One requirement is the ’10-bagger’. The phrase was coined by billionaire investor Peter Lynch and refers to a company that has seen a 10-fold increase in share price.

10 times

Nvidia There is an example that most people will know. In May 2020, the shares were worth less than $88 each. Today, shares change hands at $887. That’s more than tenfold in a few years. So, Nvidia is one of those 10-baggers.

And while American tech has had a pretty stellar few years, we don’t have to look to computers or even America to find 10-baggers. These companies are close to home.

A familiar name Rolls Royce (LSE: RR) achieved this feat not too long ago. Shares were as low as 42p in October 2020. Now they go to 428p. That’s 10 times the return for another 10-bagger.

I still own Rolls Royce shares and I like the future of the company. While I don’t see another 10-fold return happening quickly – the pandemic year of 2020 made many travel-adjacent stocks extraordinarily cheap – I think this could be one of the better ones. FTSE 100 are the owners of the companies.

Rolls has a strong position in an industry with high barriers to entry. The average skilled engineer is unlikely to go out and build a new startup building engine very easily. This gives the rolls considerable protection from competition.

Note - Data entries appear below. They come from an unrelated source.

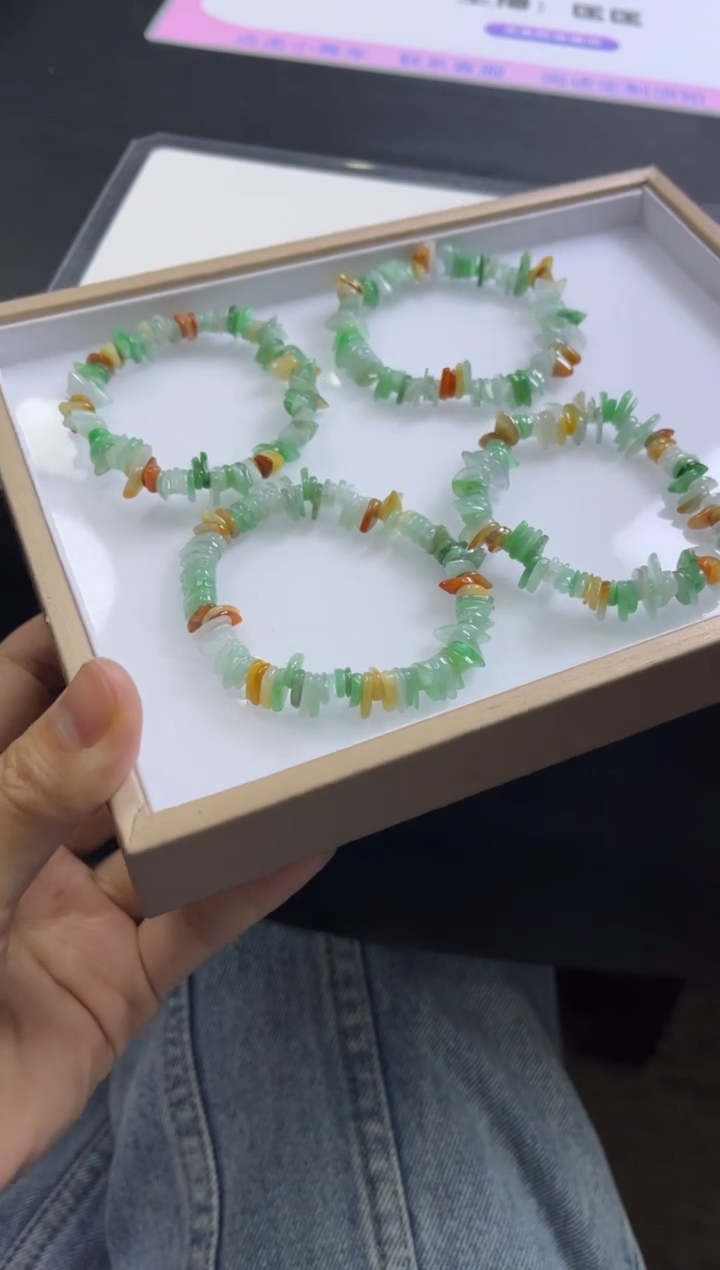 未镶嵌手串翡翠K127/多样性发一件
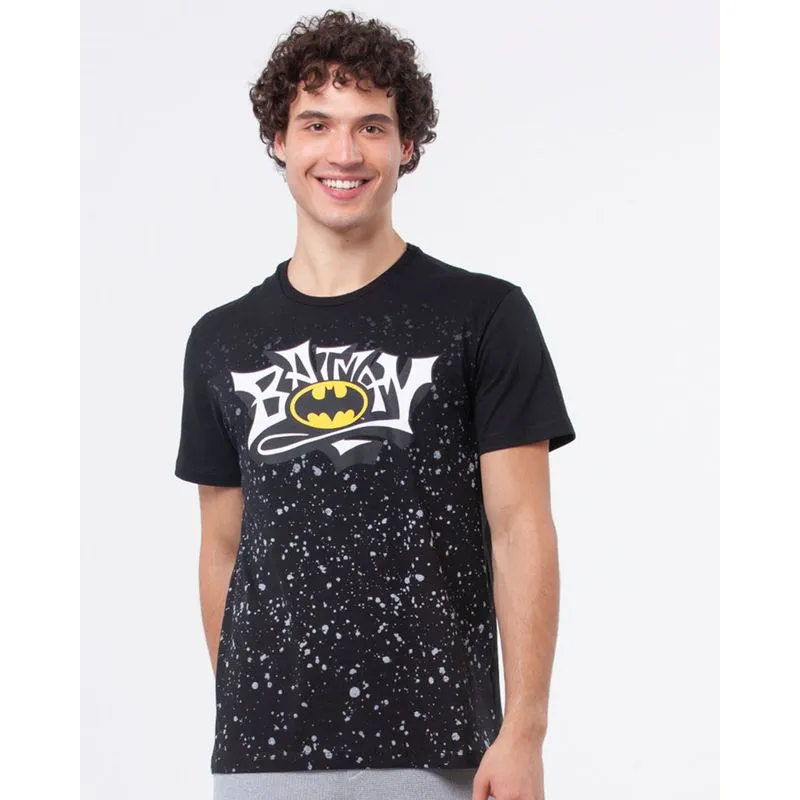 Camiseta Batman Liga Da Justiça Preta M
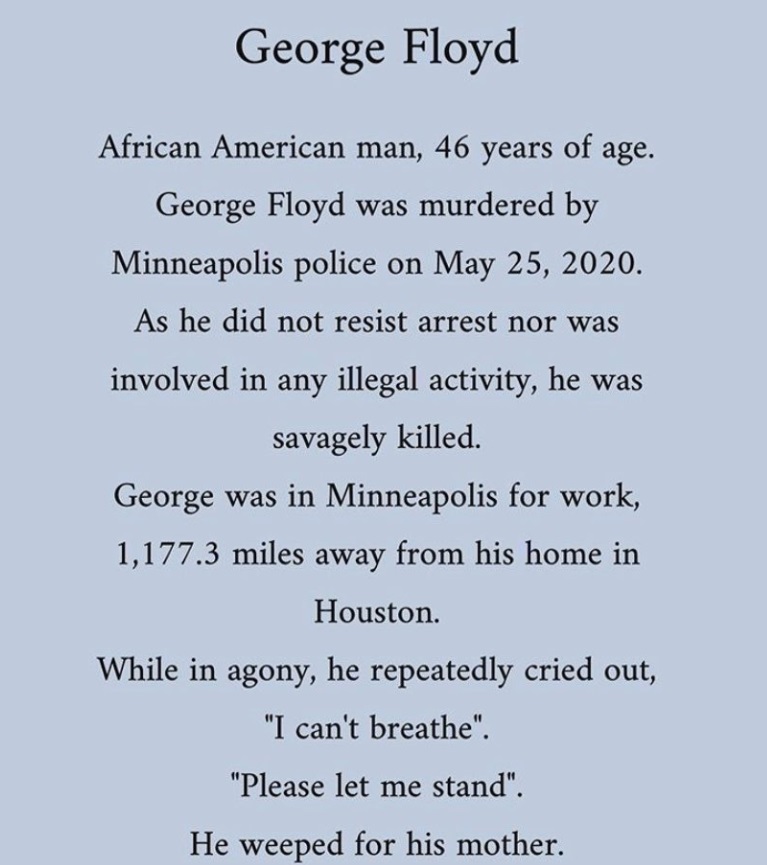 PHOTO What George Floyd Said Before He Was Shot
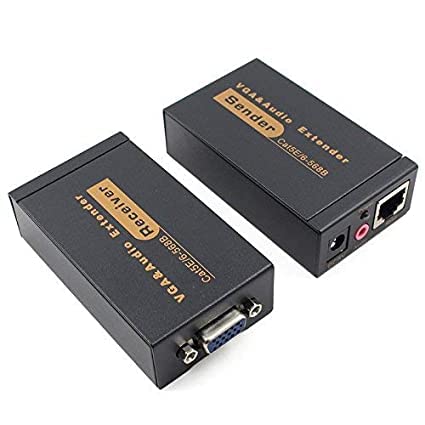 ULTRABYTES VGA Video Audio Extender Over Single RJ45 CAT5e/6 1080P with Adapter up to 100M Sender+Rceiver (ONE Pair)-TD-469H.-image-9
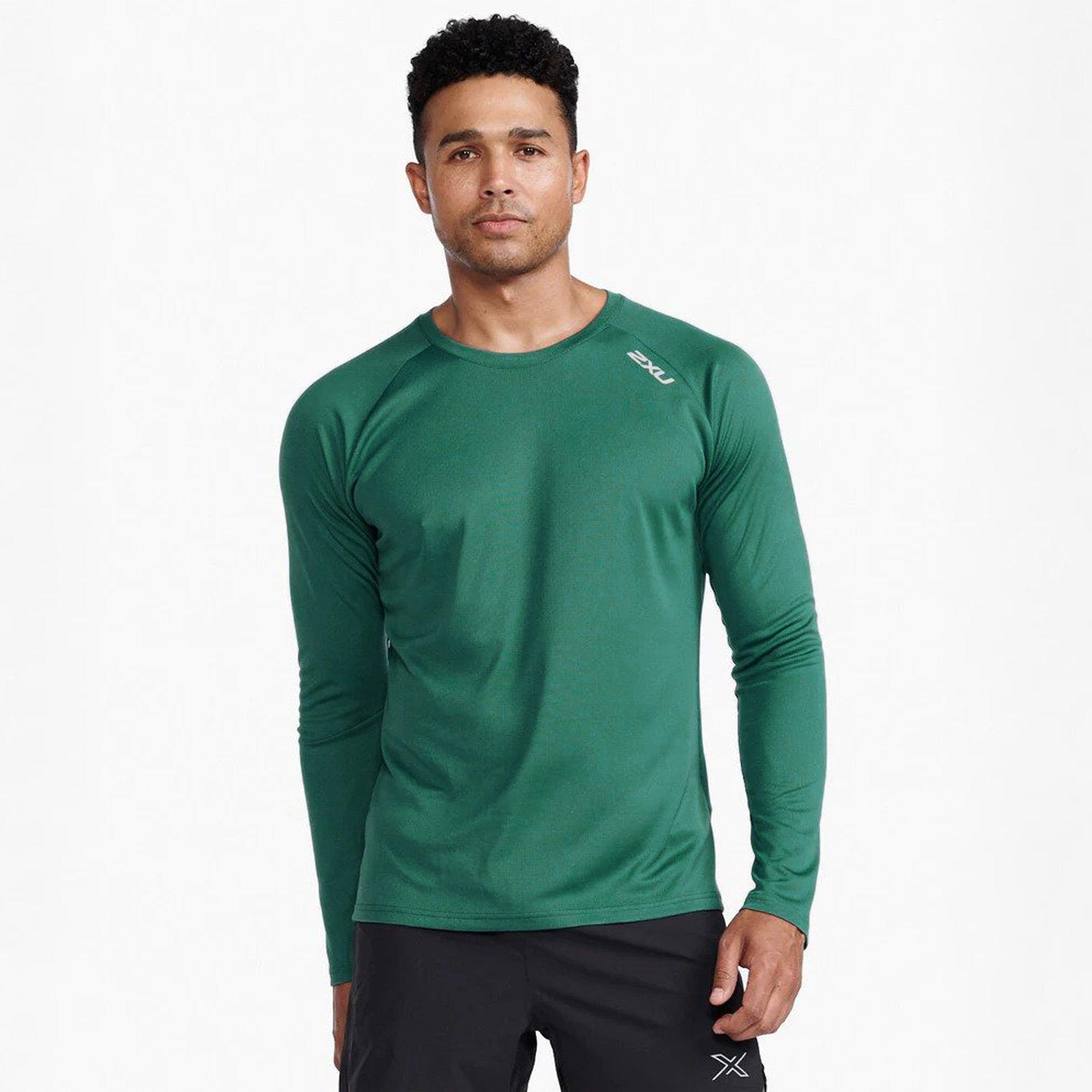 Frst.Green/Blk - 2XU - Aspire Long Sleeve T-Shirt Mens - 5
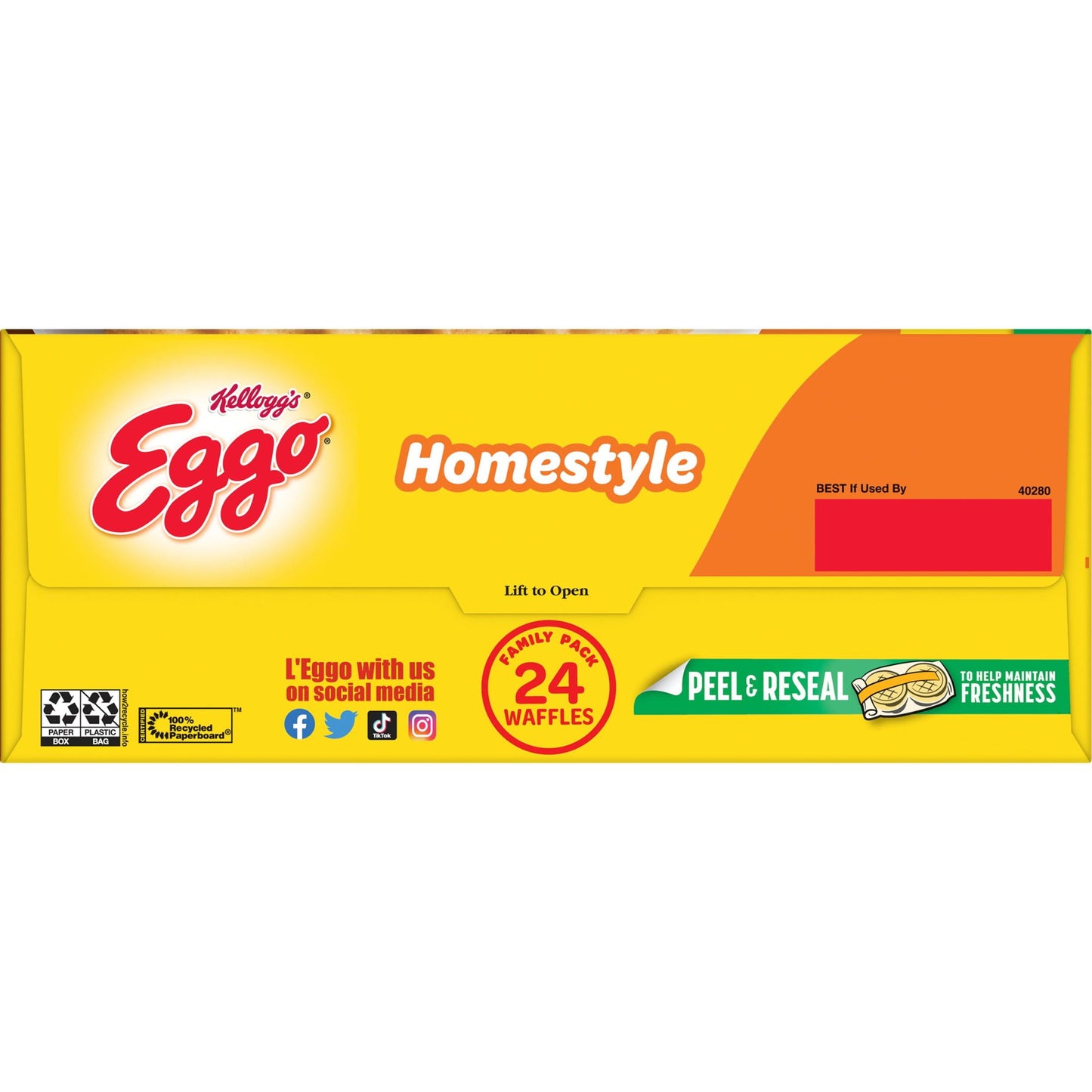 Eggo Homestyle Waffles, 29.6 oz, 24 Count (Frozen)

Airbus In 2015, its A350 wide-body aircraft was released. Is Rolls-Royce one of the engine manufacturers that can produce engines for these new aircraft?

Well, yes, because it’s the only company whose engines work. The A350 aircraft is operated exclusively by Rolls-Royce. Trent xwb engine

One drawback is the price. Rolls-Royce trades at around 29 times forward earnings, the highest on the FTSE 100.

Am I buying?

Still, I expect the future of this British company to be bright. The only reason I don’t buy more is because my position is already big enough!